La pregunta es dónde se traza la línea que garantiza que la Universidad no se politice. Hay por lo menos dos propuestas. Una dice que una cosa es la Universidad como institución y otra cosa son los individuos que conforman la institución, individuos que están dotados de derechos inalienables, incluido el derecho de la participación política. En este caso la línea dice que toda participación política de los individuos, en cuanto individuos, no sólo no debe ser prohibida, sino que tiene que ser estimulada. Por otro lado, toda toma de partido por parte de la Universidad debe ser enfáticamente rechazada. Si Carlos Caballero escribe una columna repudiando la reelección, vale. Si la Escuela de Gobierno repudia la elección, no vale.
Otra propuesta dice que la Universidad no debe ser campo para el proselitismo. Que un profesor no debe poder escribir una columna en un periódico apoyando a un candidato o atacando a otro, así sea a nombre propio. Que los conservadores no pueden distribuir volantes o formar su sociedad en la Universidad, es decir, que no puede haber algo así como “los conservadores de los Andes”. Que tal persona no puede ser profesora por ser del Opus Dei. Que el profesor marxista no puede decir en clase que él considera que el socialismo es superior al capitalismo.

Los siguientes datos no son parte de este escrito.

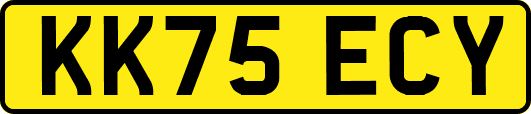 KK75ECY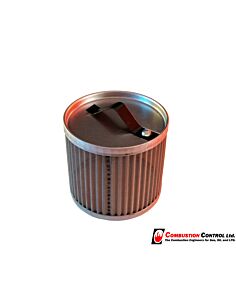 Pump Strainer type C Pumps J & E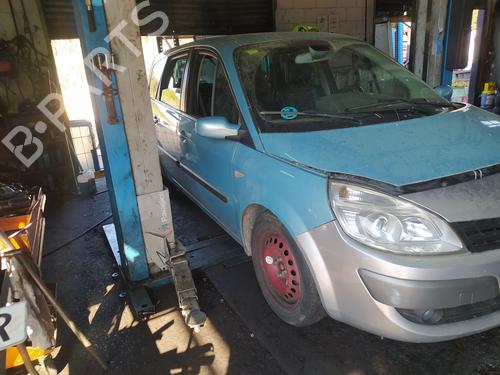 Switch RENAULT SCÉNIC II (JM0/1_) 2.0 (JM05, JM0U, JM1N, JM1U, JM2V) | BP33470908I30 - Image 16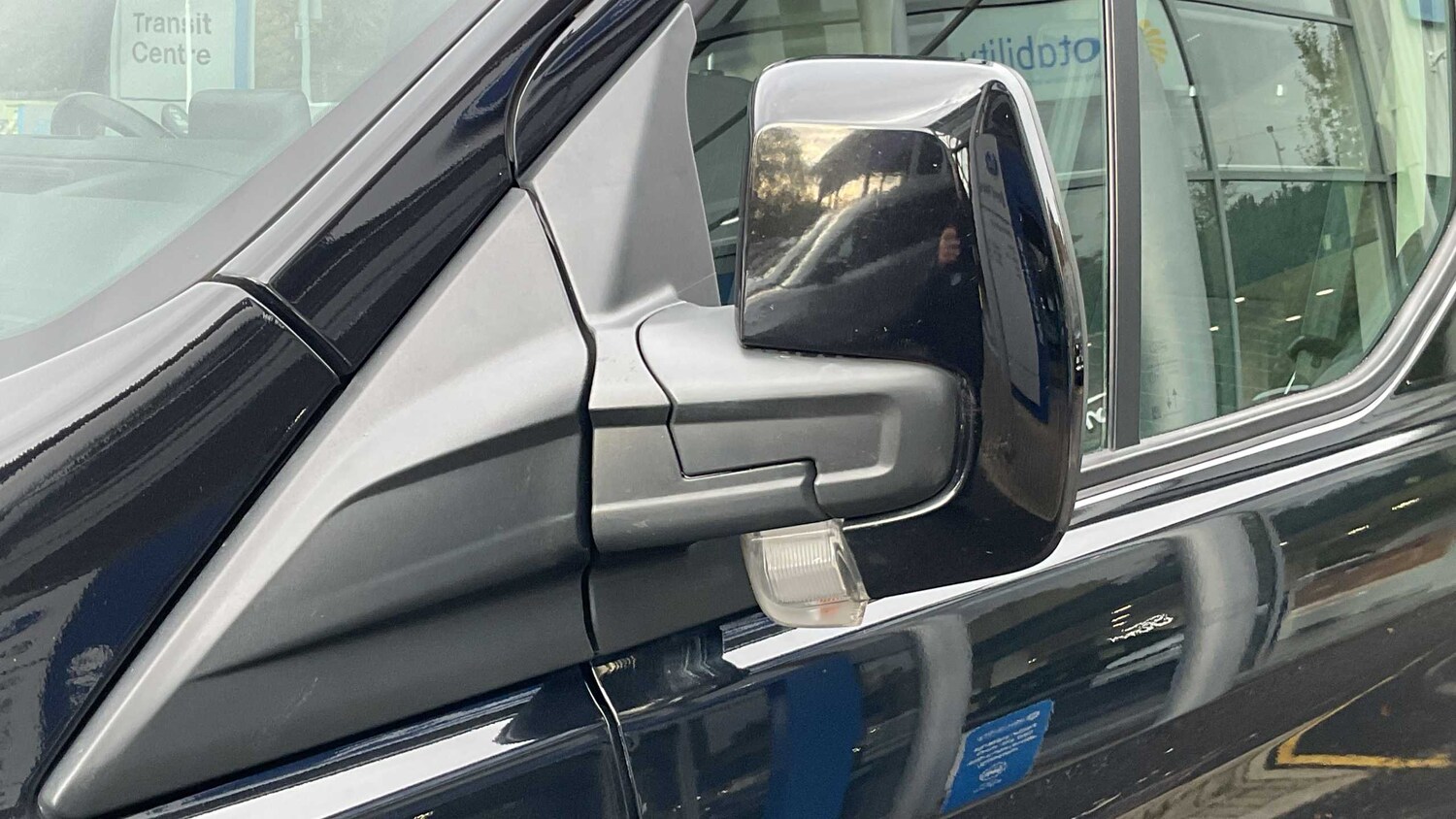 Used Ford Transit Custom 2022 for sale - 76141478: Photo 33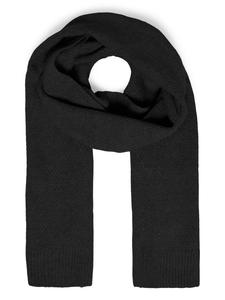 Oxmo Шарф 'OXNERA' в черном цвете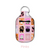 Spooky Stamps Hand Sanitizer Holder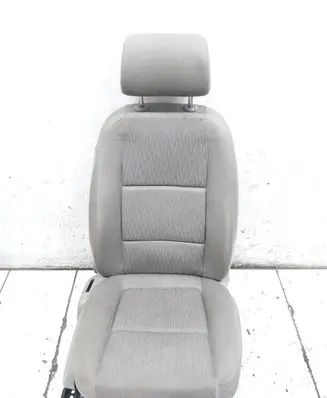 Front passenger seat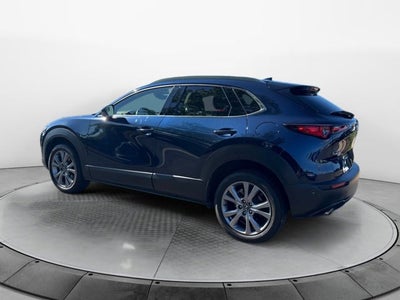 2024 Mazda Mazda CX-30 2.5 S Premium Package
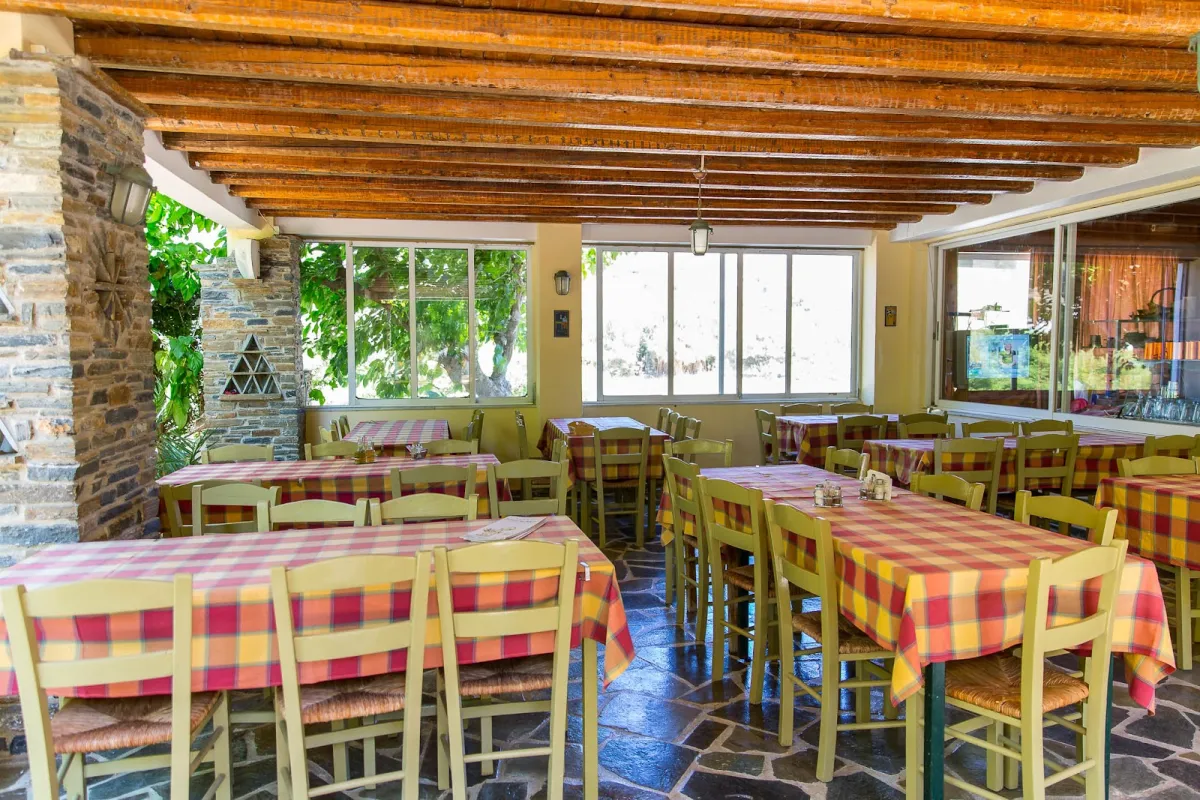 Το Στέκι Του Ανδρέα στην Άνδρο photo 1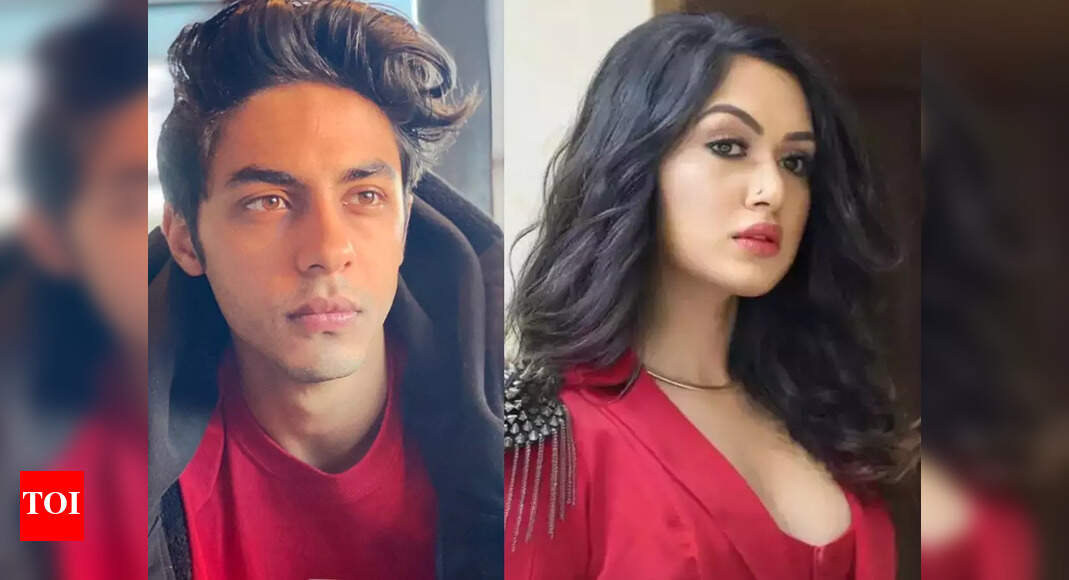 Aryan drug case: Lawyers call arrest illegal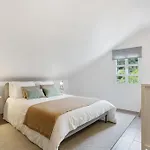 Βίλα Casa Da Olides - T3 And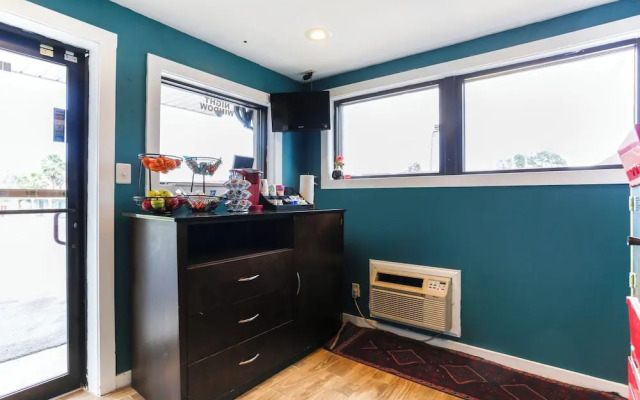 Hotel O Kissimmee West - US 192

Mi posición es clara. Yo creo que la línea demarcatoria es la primera, y que la Universidad no tiene ningún papel en decirles a sus miembros cuál es el tipo de participación política que pueden tener. El problema no es que uno contrete un profesor del Opus Dei, sino que uno lo contrate por ser del Opus Dei. La neutralidad se logra con el pluralismo, no pidiéndoles a los miembros de la comunidad uniandina que sean seres apolíticos, como si tal cosa existiera. Quizás el único decoro que pediría, más por pudor que por cualquier otra cosa, es que el proselitismo político esté proscrito del salón de clase.
La Universidad debe demostrar que incluso los debates más apasionados se pueden dar en un ambiente de civilidad, de respeto por el otro, de razonabilidad, de altura. El papel de la Universidad debe ser aconductar las pasiones políticas, no suprimirlas, entre otras razones porque seres humanos sin pasión, sin pasión política, no son seres humanos. La universidad no es ni puede ser una torre de marfil que está por encima del debate social y político. Por el contrario, la universidad tiene que ser el lugar donde ese debate se lleva a cabo con más decoro, altura e inteligencia.